Already on GitHub? Sign in to your account

s3_list_parts and s3_list_multipart_uploads return lists with empty elements #608

Closed
jogrue opened this issue Apr 24, 2023 · 7 comments
Closed
Labels
bug 🐞 Something isn't working
Milestone

Comments

@jogrue
Copy link

jogrue commented Apr 24, 2023

Hi everyone,

I was trying to implement the multipart upload for larger files but s3's list_parts function returns a list where every entry is empty. Also the Parts list is empty. The list_multipart_uploads function also returns a list with empty elements.

Unfortunately, I did not get to do a lot of debugging. Was running this on a computer with R 4.2.2 and paws 0.2.0. Does this work for anyone else? I ran the same commands using the aws CLI (same credentials), and there I got results.

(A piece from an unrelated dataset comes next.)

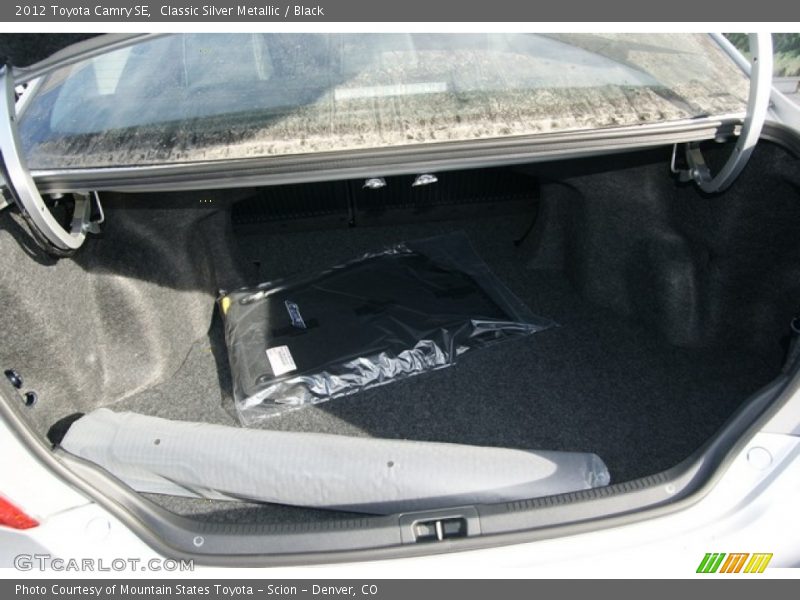Classic Silver Metallic / Black 2012 Toyota Camry SE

I also stumbled across this bug #501 (and fix by @DyfanJones and @davidkretch here: #503), not sure if this got anything to do with my issue

@DyfanJones DyfanJones added the bug 🐞 Something isn't working label Apr 24, 2023
@DyfanJones
Copy link
Member

Hi @jogrue, thanks for identifying this. I will look into it :D

@DyfanJones
Copy link
Member

DyfanJones commented Apr 24, 2023

I believe I have found the issue, it looks like an operation name issue. It should be an easy fix.

list_multipart_uploads <- function(Bucket, Delimiter = NULL, EncodingType = NULL, KeyMarker = NULL,
                                   MaxUploads = NULL, Prefix = NULL, UploadIdMarker = NULL,
                                   ExpectedBucketOwner = NULL) {
  op <- paws.common:::new_operation(
    name = "ListMultipartUploadsRequest", http_method = "GET",
    http_path = "/{Bucket}?uploads", paginator = list()
  )
  input <- paws.storage:::.s3$list_multipart_uploads_input(
    Bucket = Bucket,
    Delimiter = Delimiter, EncodingType = EncodingType, KeyMarker = KeyMarker,
    MaxUploads = MaxUploads, Prefix = Prefix, UploadIdMarker = UploadIdMarker,
    ExpectedBucketOwner = ExpectedBucketOwner
  )
  output <- paws.storage:::.s3$list_multipart_uploads_output()
  config <- paws.common:::get_config()
  svc <- paws.storage:::.s3$service(config)
  request <- paws.common:::new_request(svc, op, input, output)
  response <- paws.common:::send_request(request)
  return(response)
}

list_parts <- function(Bucket, Key, MaxParts = NULL, PartNumberMarker = NULL,
                       UploadId, RequestPayer = NULL, ExpectedBucketOwner = NULL,
                       SSECustomerAlgorithm = NULL, SSECustomerKey = NULL, SSECustomerKeyMD5 = NULL) {
  op <- paws.common:::new_operation(
    name = "ListPartsRequest", http_method = "GET",
    http_path = "/{Bucket}/{Key+}", paginator = list()
  )
  input <- paws.storage:::.s3$list_parts_input(
    Bucket = Bucket, Key = Key,
    MaxParts = MaxParts, PartNumberMarker = PartNumberMarker,
    UploadId = UploadId, RequestPayer = RequestPayer, ExpectedBucketOwner = ExpectedBucketOwner,
    SSECustomerAlgorithm = SSECustomerAlgorithm, SSECustomerKey = SSECustomerKey,
    SSECustomerKeyMD5 = SSECustomerKeyMD5
  )
  output <- paws.storage:::.s3$list_parts_output()
  config <- paws.common:::get_config()
  svc <- paws.storage:::.s3$service(config)
  request <- paws.common:::new_request(svc, op, input, output)
  response <- paws.common:::send_request(request)
  return(response)
}

bucket <- "MyTestBucket"
key <- "dummy.csv"

s3 <- paws::s3()

upload_id <- s3$create_multipart_upload(
  Bucket = bucket, Key = key
)$UploadId

list_parts(
  Bucket = bucket, Key = key, UploadId = upload_id
)

list_multipart_uploads(
  Bucket = bucket, Prefix = key
)

s3$abort_multipart_upload(
  Bucket = bucket, Key = key, UploadId = upload_id
)

@DyfanJones
Copy link
Member

@jogrue This fix will require a paws regen, so should be in the cran in the next couple of weeks or so.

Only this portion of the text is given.